This is a certified question from the Court of Civil Appeals of the Second District, and in order to save copying a long statement we undertake to state the point in the case.
The appellants were employed as real estate brokers to make sale of certain land belonging to appellee, and having effected, as they claimed, a sale to one Clark, brought suit for their commission. In the contract for the conveyance of the land, after specifying the price, consideration, etc., the following stipulation was inserted: “And it is further mutually agreed in case purchaser fails to comply with the terms hereof relating to the payment and securing of the pur *569 chase price as above mentioned and by the time herein designated, purchaser shall forfeit the amount paid hereon to seller and the same shall be paid to seller by said trustees and accepted by said seller as and for liquidated damages for such injury and damage as the seller may suffer by reason of the nonperformance of this contract on the part of the purchaser.”
The question certified for our determination is, whether upon this contract a sale was effected so as to entitle the appellants to their commission.
We have numerous decisions holding that, although there is a stipulation in the contract of this character, payment of a fixed sum of money as liquidated damages does not affect the contract for sale of the land but that the seller can enforce specific performance. (Hemming v. Zimmerschitte, 4 Texas, 159; Williams v. Talbot, 16 Texas, 1; Vardeman v. Lawson, 17 Texas, 11; Bullion v. Campbell, 27 Texas, 653; Gregory v. Hughes, 20 Texas, 345.)
It seems to us that these decisions are decisive of the case. If the vendor of the land can enforce a specific performance of the contract to pay for it, then the broker has effected a sale, valid in law, and is entitled to his compensation. We have also examined the authorities cited in the certificate upon the same proposition and find it is amply supported by them. (Lyman v.
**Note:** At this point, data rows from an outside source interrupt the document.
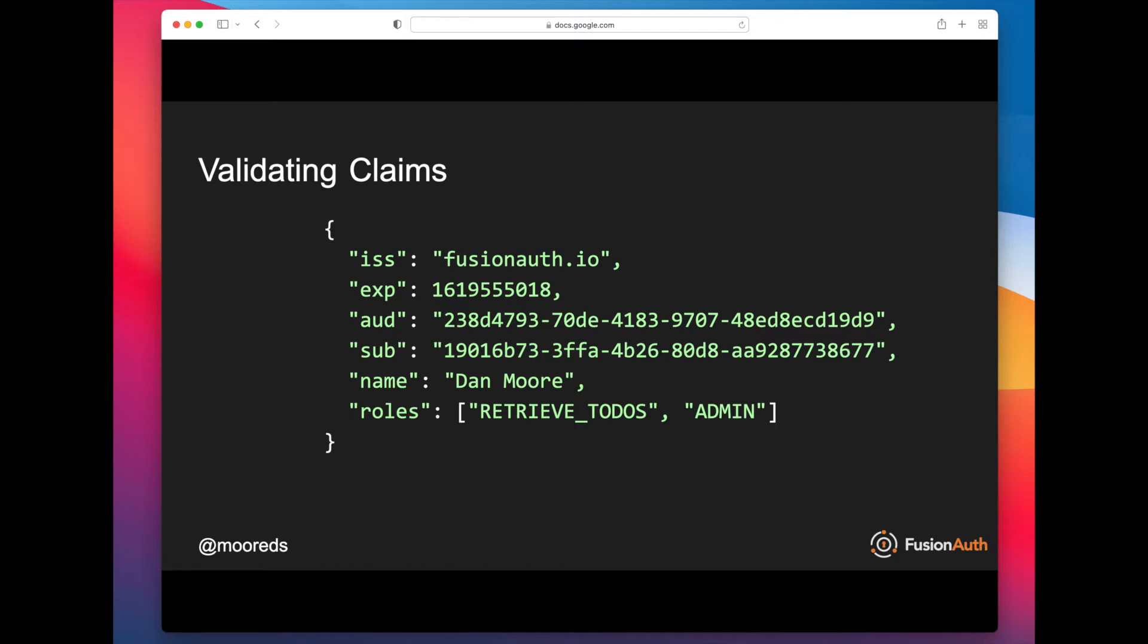So there's three main claims you're going to want to validate. The first is the issuer. So this is who created the JSON Web Token.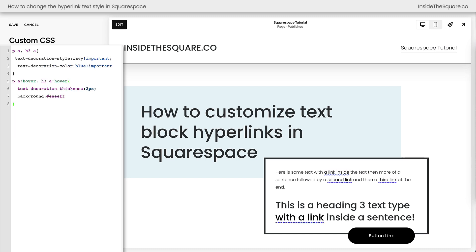Now this final code I wanted to share with you is a fun one. It changes the text decoration style to wavy, and it changes the color as well. And on a hover, we changed the thickness of that text decoration and added a background color, really indicating just how clickable this text is.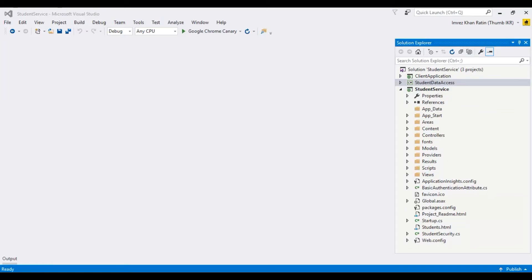Hello viewer, welcome to my channel. This is Imres Kanratin. In this video tutorial I'm going to show you how we can create a signup procedure using web API. I already made some tutorials on web API, like how we can get data from SQL Server using web API and Entity Framework, how we can call an API in multiple projects, and basic authentication using web API with example. You can get those tutorial links in the description.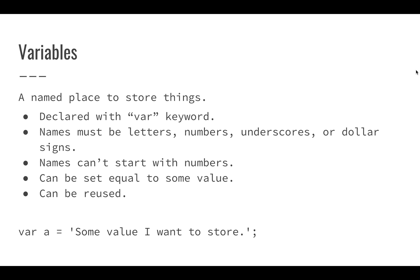Once you create a variable, you can set it equal to some value. You can see at the bottom here we have VAR A equals some value I want to store. That's a text string. We call these strings when we're dealing with programs, and that means it's some text that I want to use later. You can always reuse variables. I can create a variable, call it a name, and then reuse it again later.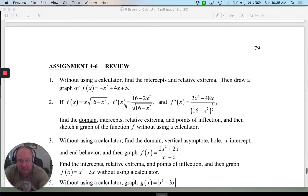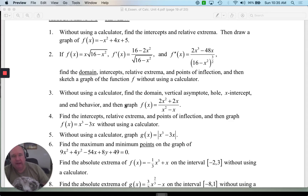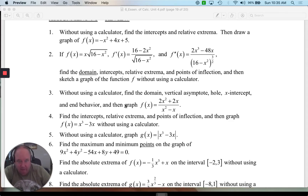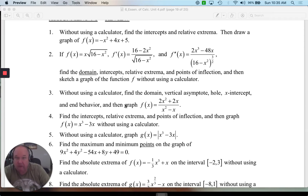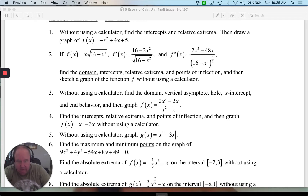Now we're going to practice. So number one: without using a calculator, find the intercepts and relative extrema, then draw a graph. I'm going to write the function down. I'm not going to worry about concavity here because it's just a parabola, and I know it's concave down because it's negative x squared.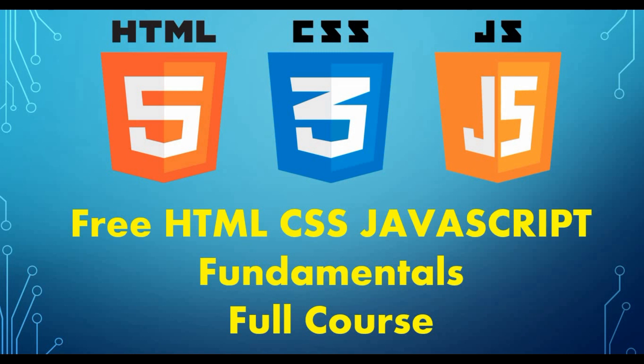Hello friends, welcome back to my channel and today we are back with another exciting video. You may be surprised or thinking what this tutorial is about where you can see on the screen we are talking about HTML, CSS, JavaScript and a free fundamentals full course.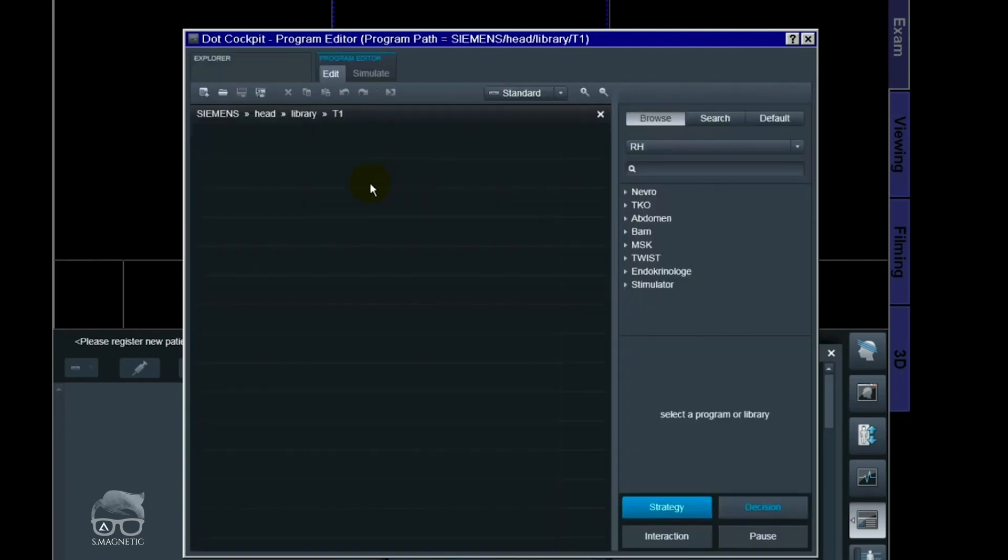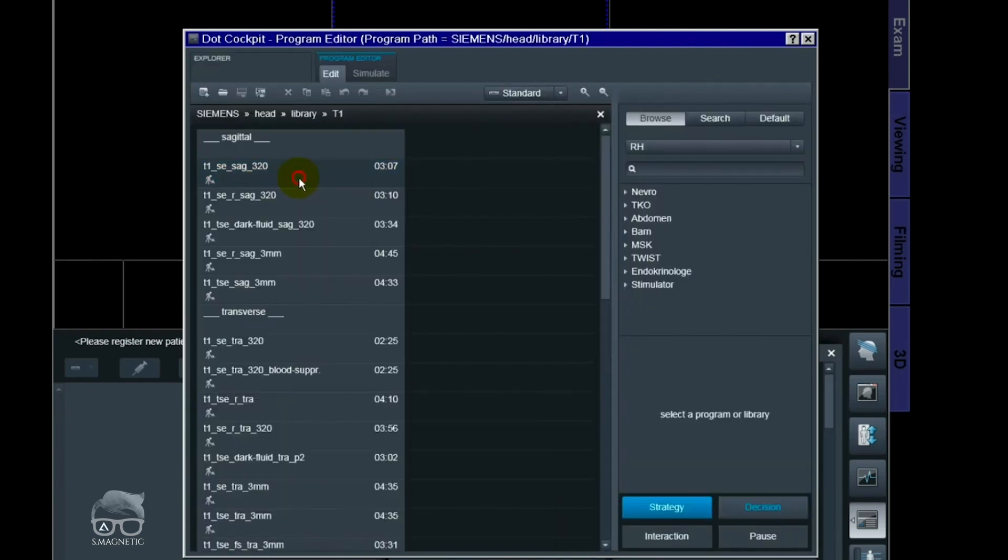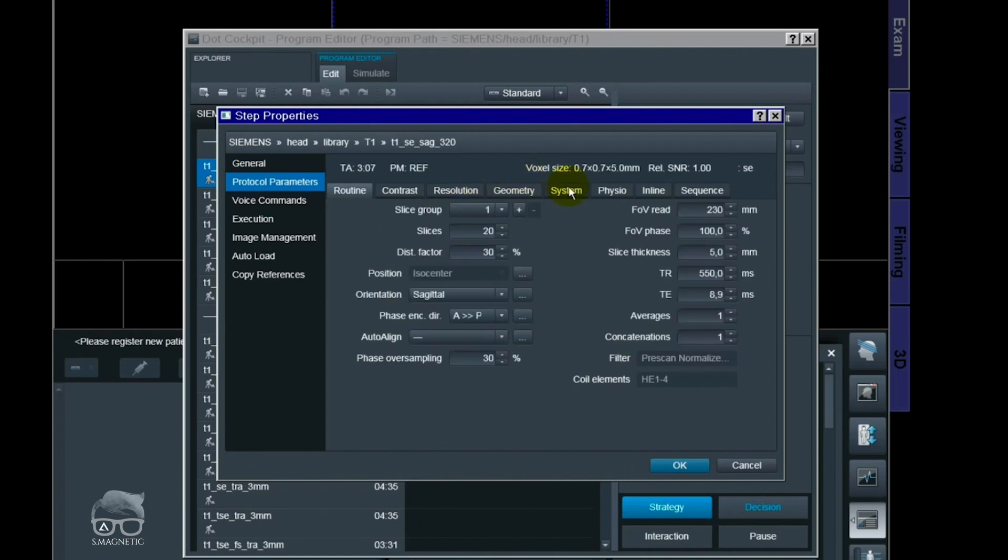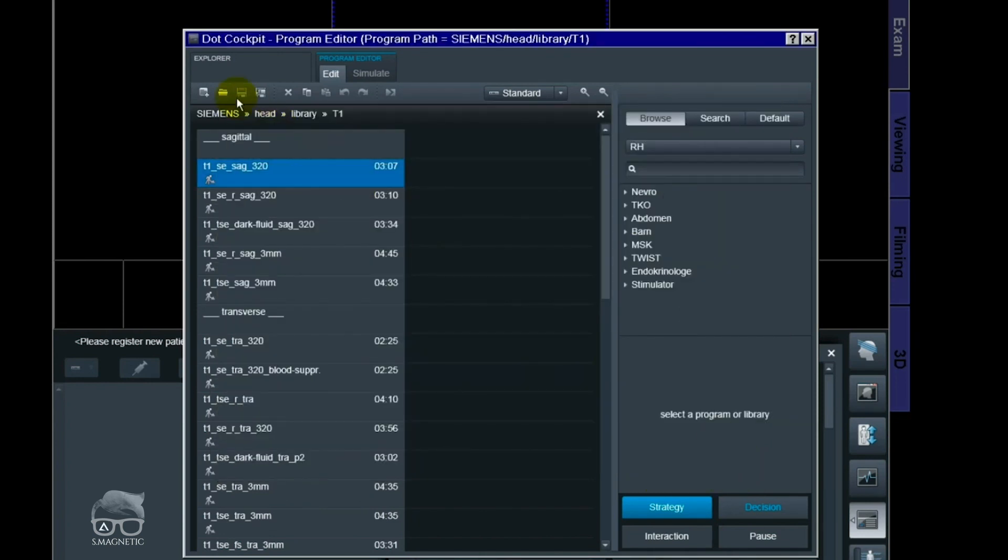Here you have the opportunity to edit your protocol in edit mode and save it if you want to.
Gedney, 29 N. E., 282; Hull v. Sturdivant, 46 Me., 34; Hooker v. Pynchon, 74 Mass. (8 Gray), 550; Ewins v. Gordon, 49 N. H., 444; O’Connor v. Tyrrell, (N. J. Eq.), 30 Atl., 1061; Palmer v. Bowen, 34 N. E., 291, affirming s. c. in 18 N. Y. Supp., 638; Kettering v. Eastlack, 107 N. W., 177.)
We therefore answer the question submitted in the affirmative and say that the contract is such that appellee is entitled to have it specifically enforced, and that therefore the appellants are entitled to their commission for making the sale.
Opinion filed' December 3, 1908.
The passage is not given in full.